### Data records
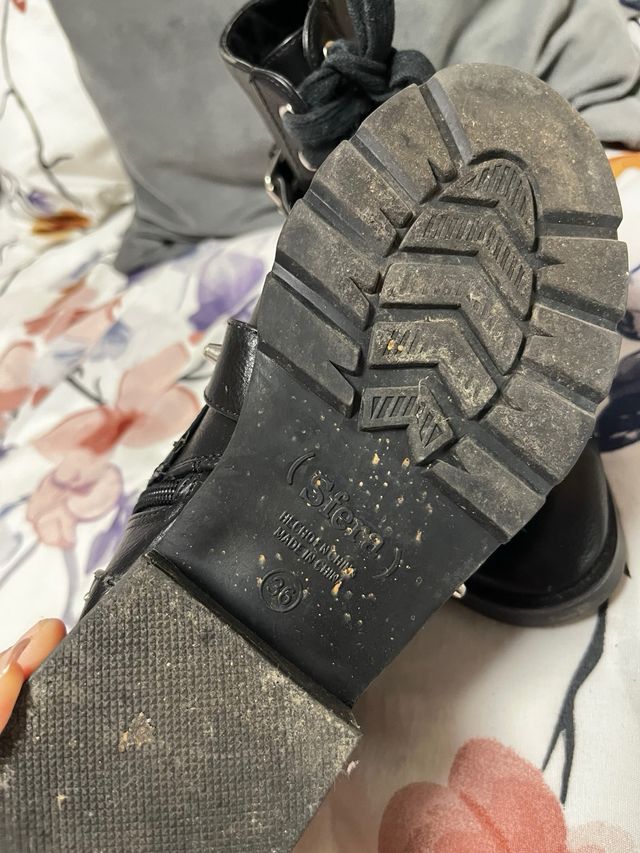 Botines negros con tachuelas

--

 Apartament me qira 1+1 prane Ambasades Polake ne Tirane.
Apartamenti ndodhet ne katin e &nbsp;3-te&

### Goal of the exercise
Lines to set down from above: the line with "Apartament me qira", the line with "Apartamenti ndodhet ne katin e &nbsp;3-te&", and every line between, each exactly as written.

### Response
 Apartament me qira 1+1 prane Ambasades Polake ne Tirane.
Apartamenti ndodhet ne katin e &nbsp;3-te&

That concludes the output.